Please copy exactly the lines from the one containing "华为云轻量应用服务器返点是多少" to the end of the entries, both included, and nothing else. Omit every picture.

Records for the exercise:
----------------------------------------

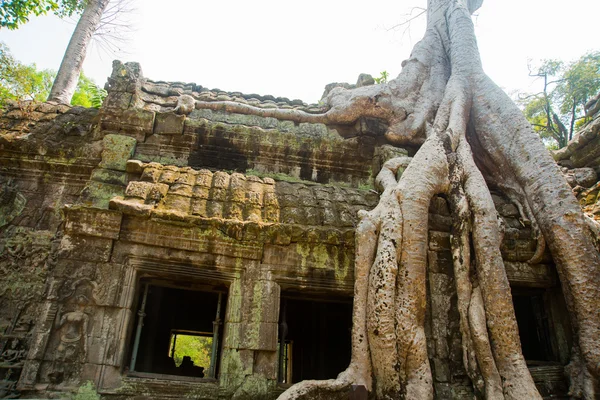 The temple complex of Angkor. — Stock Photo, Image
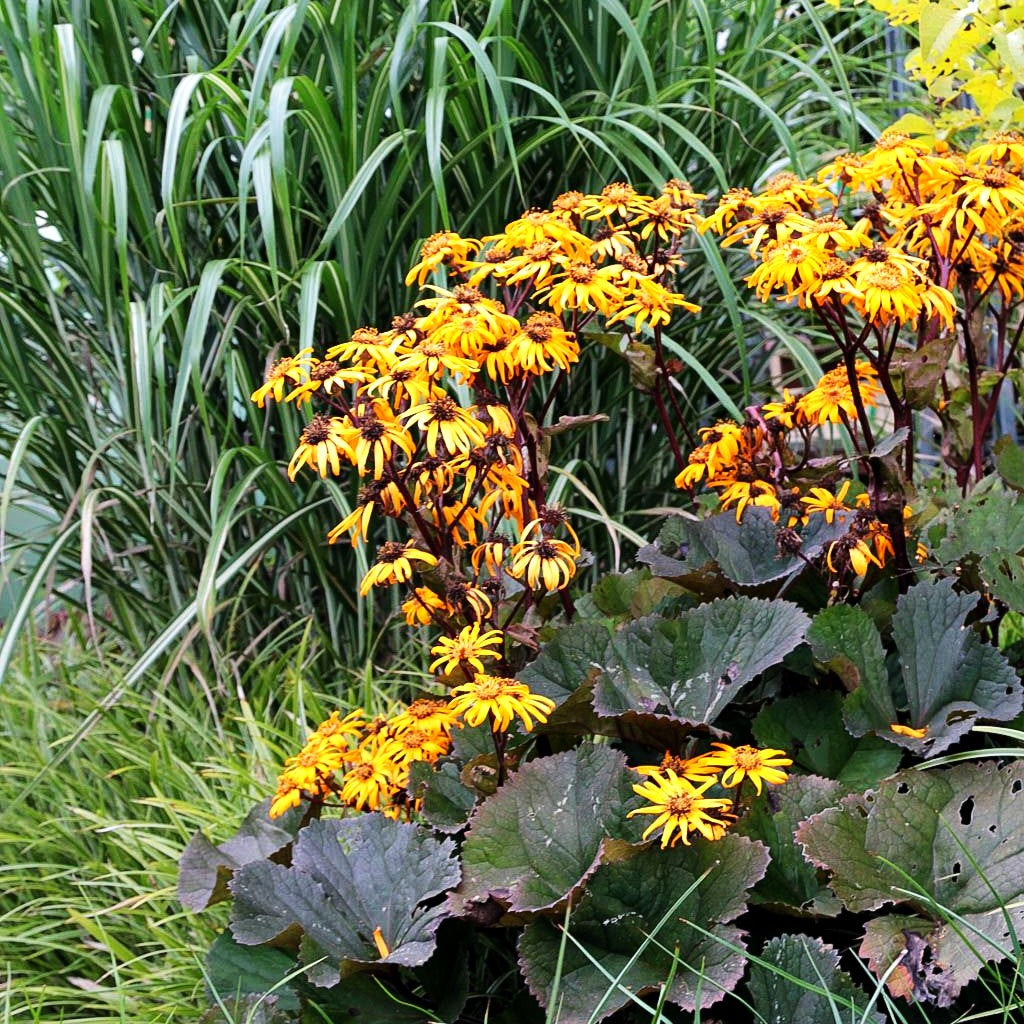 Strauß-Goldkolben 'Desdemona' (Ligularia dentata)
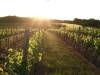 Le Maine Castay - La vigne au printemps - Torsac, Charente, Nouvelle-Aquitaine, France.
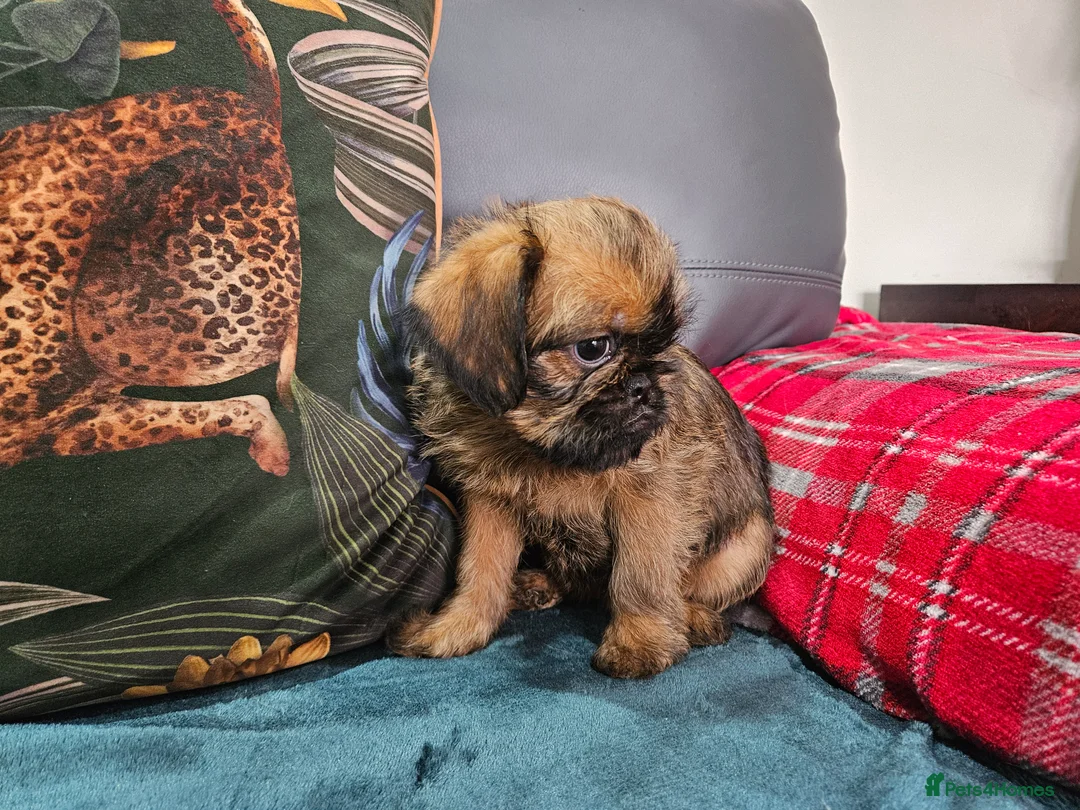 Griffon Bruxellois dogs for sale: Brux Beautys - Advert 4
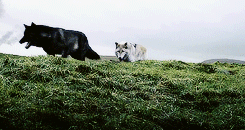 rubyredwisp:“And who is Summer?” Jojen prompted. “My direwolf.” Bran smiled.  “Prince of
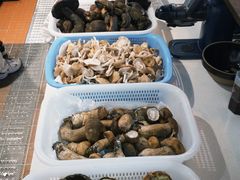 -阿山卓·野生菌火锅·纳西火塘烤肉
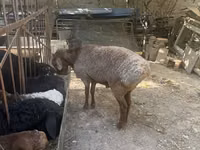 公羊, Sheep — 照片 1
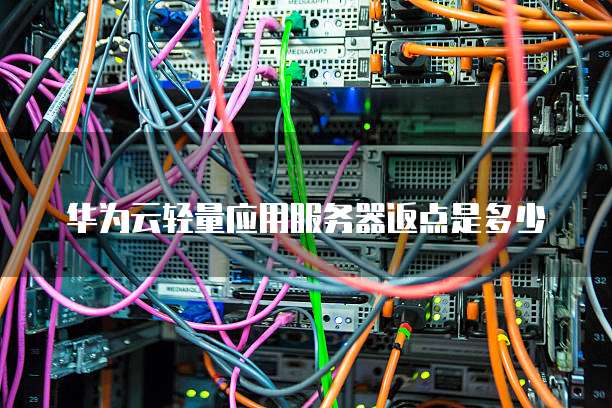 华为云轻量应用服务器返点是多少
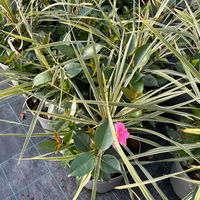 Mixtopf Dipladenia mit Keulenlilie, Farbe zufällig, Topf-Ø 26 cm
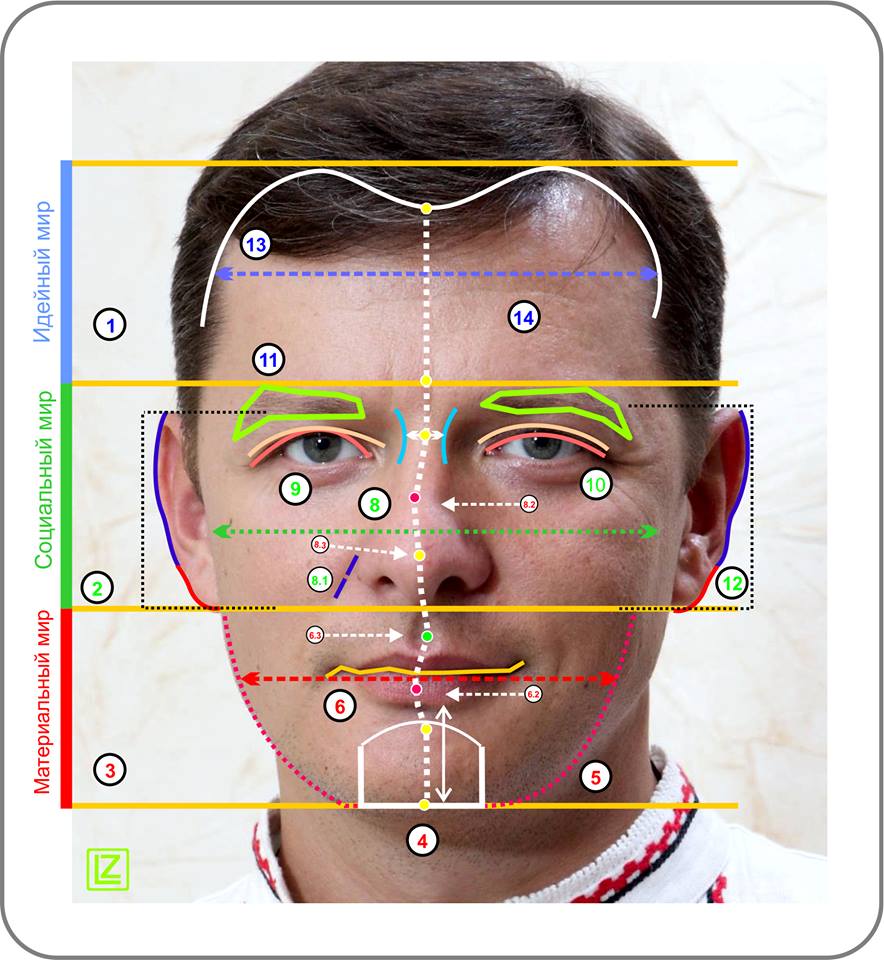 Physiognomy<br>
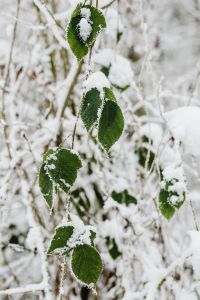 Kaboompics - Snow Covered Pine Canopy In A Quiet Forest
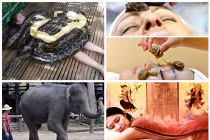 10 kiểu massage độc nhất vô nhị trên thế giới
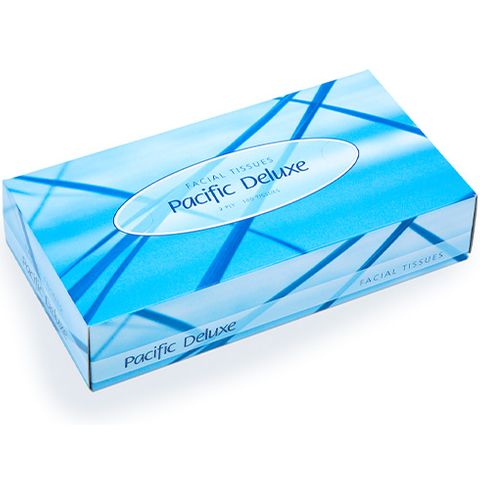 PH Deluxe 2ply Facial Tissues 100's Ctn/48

----------------------------------------

Result for this exercise:
 华为云轻量应用服务器返点是多少
 Mixtopf Dipladenia mit Keulenlilie, Farbe zufällig, Topf-Ø 26 cm
 Physiognomy<br>
 Kaboompics - Snow Covered Pine Canopy In A Quiet Forest
 10 kiểu massage độc nhất vô nhị trên thế giới
 PH Deluxe 2ply Facial Tissues 100's Ctn/48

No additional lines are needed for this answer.